1956年に米国の作家ソール・ベロー(Saul Bellow、1976年にノーベル文学賞受賞)が発表した小説で、主人公の危機的な一日を追いながら、人間存在の意味を問うた作品(原題は"Seize the Day")。
踏んだり蹴ったりの主人公ですが、やっぱり中年で自活出来ないというのは、経済生活面だけでなく、精神面でキツイなあと思いつつも、あまり主人公に同情心が沸かないのは何故だろう。
社会(俗世間)からの疎外を感じる主人公が、最後には、「この日をつかめ」という言葉をキーワードに、過去に捉われることなく、また、未来に不安を抱くことなく、"今を生きる"ことの大切さを悟るのですが、ついつい、明日は大丈夫なの?と思ってしまうのは、自分が俗っぽいからでしょうか。
主人公のラード等への投資を仲介する"タムキン博士"という人物が大変印象に残り、「この日をつかめ」も彼の言葉なのですが、彼は実は詐欺師であり(読者にはかなり早い段階でそれがわかると思うが、主人公は疑念を抱きながらも彼に振り回される)、いかにも資本主義社会に徘徊していそうなクセモノ。

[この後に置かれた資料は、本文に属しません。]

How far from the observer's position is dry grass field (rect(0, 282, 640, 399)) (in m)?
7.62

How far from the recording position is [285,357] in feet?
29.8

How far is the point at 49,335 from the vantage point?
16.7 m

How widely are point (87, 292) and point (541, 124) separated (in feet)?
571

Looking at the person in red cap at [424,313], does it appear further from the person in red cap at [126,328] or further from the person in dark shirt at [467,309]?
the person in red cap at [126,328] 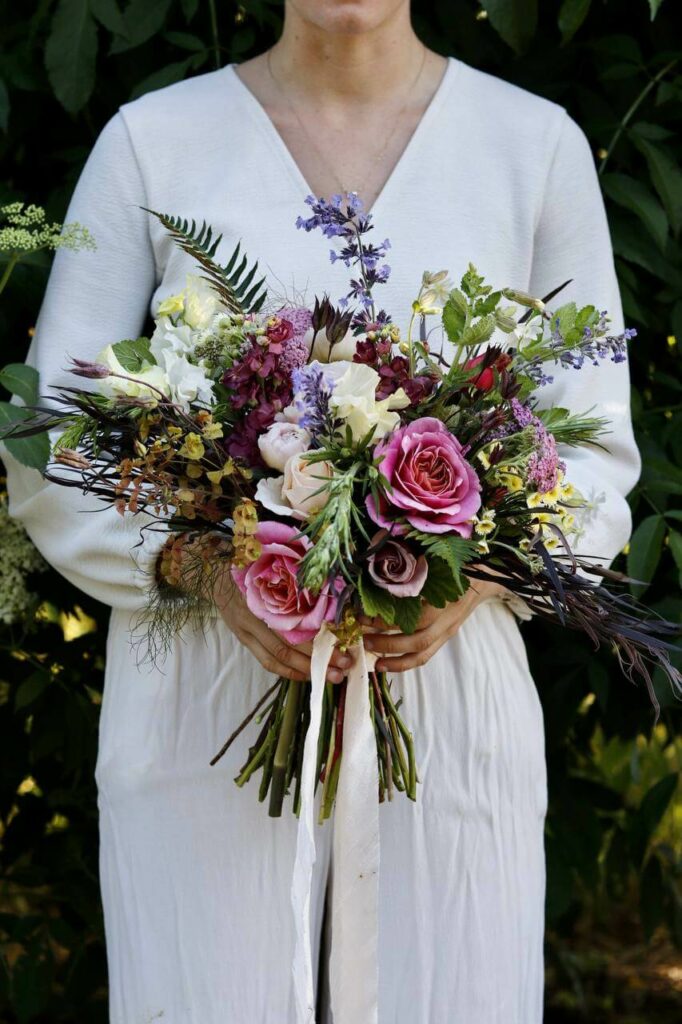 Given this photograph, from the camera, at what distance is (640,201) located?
6.45 feet

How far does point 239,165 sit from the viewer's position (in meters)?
1.68

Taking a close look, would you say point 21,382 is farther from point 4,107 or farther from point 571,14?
point 571,14

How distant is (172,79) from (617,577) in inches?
43.5

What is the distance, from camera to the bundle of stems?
1.46 metres

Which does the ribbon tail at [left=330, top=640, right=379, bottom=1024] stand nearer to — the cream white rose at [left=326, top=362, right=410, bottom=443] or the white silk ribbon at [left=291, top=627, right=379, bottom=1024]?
the white silk ribbon at [left=291, top=627, right=379, bottom=1024]

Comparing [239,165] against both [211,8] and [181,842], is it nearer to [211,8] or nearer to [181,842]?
[211,8]

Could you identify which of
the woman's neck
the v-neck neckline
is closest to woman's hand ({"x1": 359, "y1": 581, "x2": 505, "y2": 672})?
the v-neck neckline

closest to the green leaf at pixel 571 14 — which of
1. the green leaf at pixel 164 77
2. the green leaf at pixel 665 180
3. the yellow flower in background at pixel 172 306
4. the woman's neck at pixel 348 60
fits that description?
the green leaf at pixel 665 180

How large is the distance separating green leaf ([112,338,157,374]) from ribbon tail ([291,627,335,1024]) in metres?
0.33

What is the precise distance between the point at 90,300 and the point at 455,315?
1.95 feet

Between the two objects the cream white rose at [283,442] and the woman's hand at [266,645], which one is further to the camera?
the woman's hand at [266,645]

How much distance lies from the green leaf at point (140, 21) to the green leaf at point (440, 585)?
1.10m

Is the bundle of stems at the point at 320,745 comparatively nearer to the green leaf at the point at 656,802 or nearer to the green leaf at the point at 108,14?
the green leaf at the point at 656,802

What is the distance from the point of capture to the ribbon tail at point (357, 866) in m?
1.38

彼の言う「この日をつかめ」は"投機"上の意味合いなのですが、主人公は詐欺師の言葉から哲学を引き出し(確かにこの詐欺師は哲学者っぽい弁を垂れる)、一方で、詐欺師になけなしの金を持っていかれたということか。
主人公の父親の"アドラー博士"というのも、息子を世の中の敗北者と決めつけ、全く構ってやらないという、ちょっと日本にはいないタイプの父親で、志賀直哉の父親との間での葛藤などとも違って、こちらは「和解」の余地すら無い。
この父親も俗世間の代表格であるけども、アーサー・ミラーの『セールスマンの死』に出てくる、アメリカンドリームを子供に託す期待過剰の父親とも全然違い、その個人主義は凄まじく、息子さえも他人レベルと変わらない「一個人」に過ぎないという感じでしょうか(ユダヤ系ということも関係しているのか?)。
小説として今一つ感動は出来なかったですが、"タムキン博士"と"アドラー博士"は印象に残りました(主人公よりも)。